Combines values from two streams or tables during join operations, creating enriched records that contain data from both sources. The function must handle cases where one or both values might be null, depending on the join type (inner, left, outer). This function has access to the join key for context-aware value combination.

Parameters

Parameter Type Description
key Any The join key used to match records
value1 Any The value from the first stream/table
value2 Any The value from the second stream/table

Return Value

Combined value

Example

  join_order_with_product:
    type: valueJoiner
    code: |
      # Combine order and product information
      result = {}

      # Add order details
      if value1 is not None:
        result.update(value1)

      # Add product details
      if value2 is not None:
        result["product_details"] = value2
        # Calculate total price
        quantity = value1.get("quantity", 0) if value1 else 0
        price = value2.get("price", 0) if value2 else 0
        result["total_price"] = quantity * price

      new_value = result
    expression: new_value
    resultType: json

Full example for valueJoiner:

timestampExtractor

Extracts timestamps from messages for time-based operations.

Parameters

Parameter Type Description
record Object The ConsumerRecord containing key, value, timestamp, and metadata
previousTimestamp Long The previous timestamp (can be used as fallback)

Return Value

Timestamp in milliseconds (long)

Example

    timestampExtractor:
      code: |
        # Extract custom timestamp from message value
        try:
          # Try different ways to get the value data
          value_data = None

          # Method 1: If record is a ConsumerRecord with .value() method
          if hasattr(record, 'value') and callable(record.value):
            value_data = record.value()
          # Method 2: If record is the value directly (dict)
          elif isinstance(record, dict):
            value_data = record

          # Extract custom timestamp from event data
          if value_data and "event_timestamp" in value_data:
            event_time = value_data.get("event_timestamp")
            if event_time and event_time > 0:
              log.info("Using event timestamp: {} for {}", event_time, value_data.get("event_id"))
              return event_time

        except Exception as e:
          log.warn("Error extracting custom timestamp: {}", str(e))

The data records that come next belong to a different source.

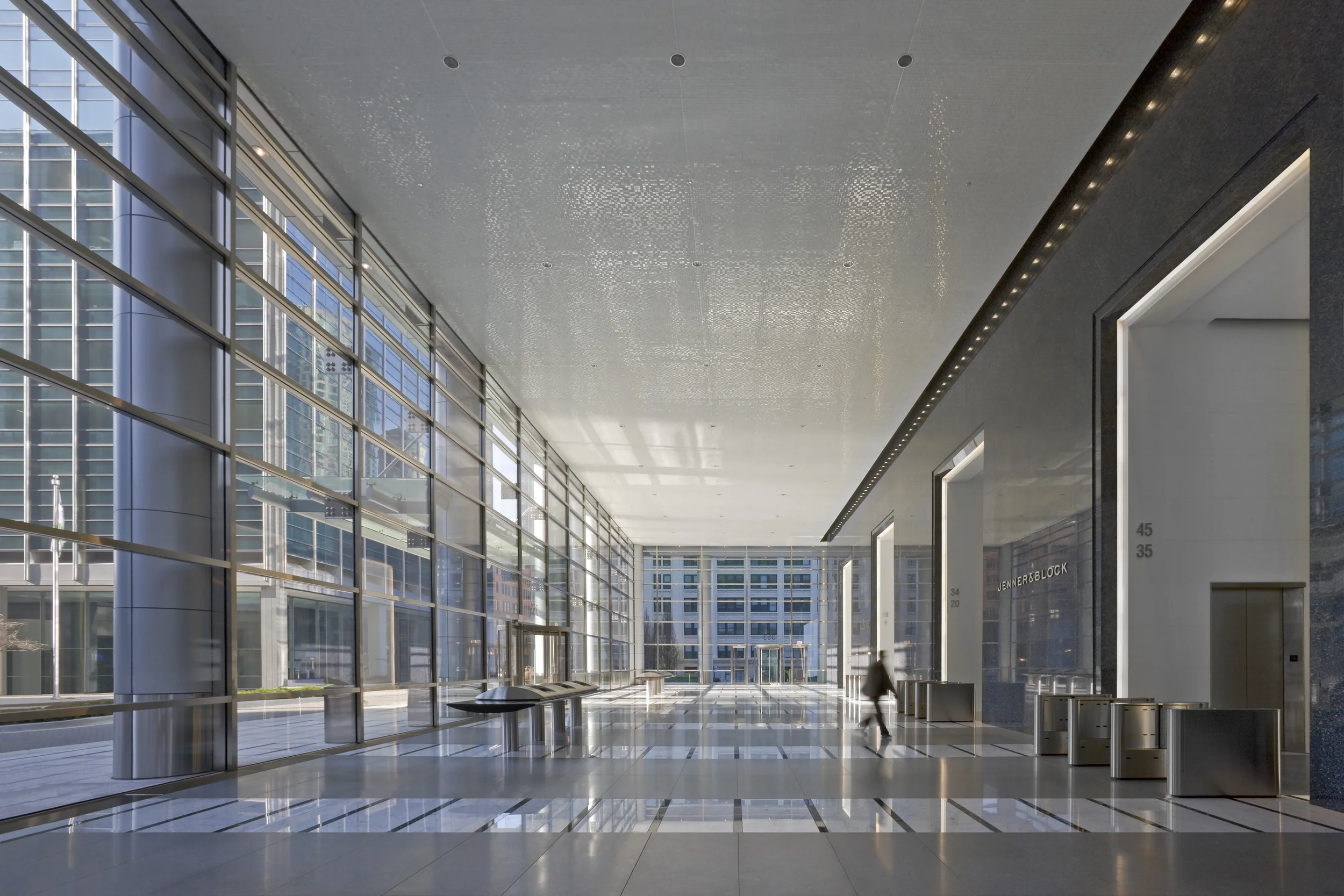 353 North Clark Chicago, Illinois $500 million 1.2 million square feet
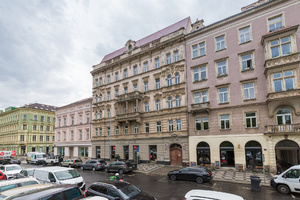 Karlínské náměstí 10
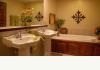 La Ville Inn: guest bath 2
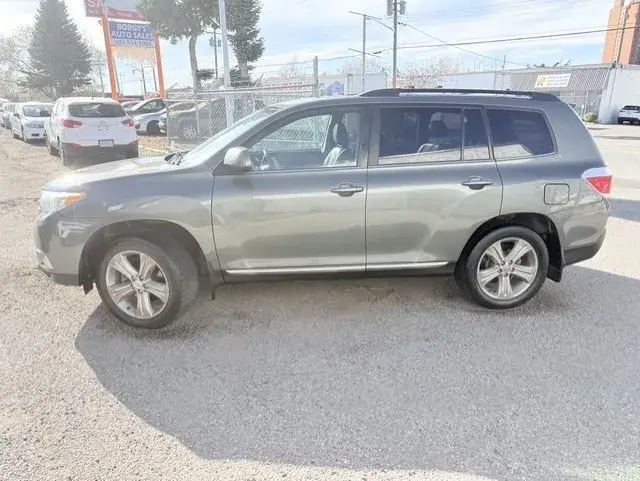 Toyota Highlander 2013 photo 3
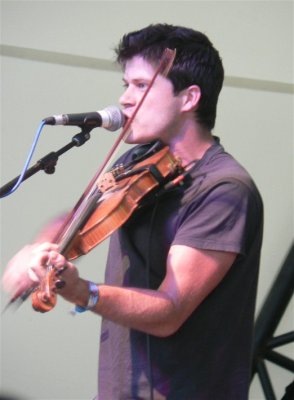 Seth Lakeman does a solo set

        # Fallback to record timestamp or current time
        import time
        current_time = int(time.time() * 1000)
        log.info("Using current time as fallback: {}", current_time)
        return current_time
Producer - timestampExtractor example (click to expand)
functions:
  generate_events_with_timestamps:
    type: generator
    globalCode: |
      import random, time
      counter = 0
      base_t = int(time.time() * 1000)
    code: |
      global counter, base_t
      counter += 1
      eid = f"e{counter:04d}"
      offset = random.randint(-300, 60)  # -5min to +1min
      return eid, {
        "event_id": eid,
        "event_timestamp": base_t + (counter * 1000) + (offset * 1000),
        "event_type": random.choice(["action", "system", "data"]),
        "user_id": f"u{random.randint(1, 100):03d}",
        "delay": abs(offset) if offset < 0 else 0
      }
    resultType: (string, json)

producers:
  event_producer:
    generator: generate_events_with_timestamps
    interval: 1s
    to:
      topic: timestamped_events
      keyType: string
      valueType: json
Processor - timestampExtractor example (click to expand)
streams:
  events_input:
    topic: timestamped_events
    keyType: string
    valueType: json
    # Configure custom timestamp extraction
    timestampExtractor:
      code: |
        # Extract custom timestamp from message value
        try:
          # Try different ways to get the value data
          value_data = None

          # Method 1: If record is a ConsumerRecord with .value() method
          if hasattr(record, 'value') and callable(record.value):
            value_data = record.value()
          # Method 2: If record is the value directly (dict)
          elif isinstance(record, dict):
            value_data = record

          # Extract custom timestamp from event data
          if value_data and "event_timestamp" in value_data:
            event_time = value_data.get("event_timestamp")
            if event_time and event_time > 0:
              log.info("Using event timestamp: {} for {}", event_time, value_data.get("event_id"))
              return event_time

        except Exception as e:
          log.warn("Error extracting custom timestamp: {}", str(e))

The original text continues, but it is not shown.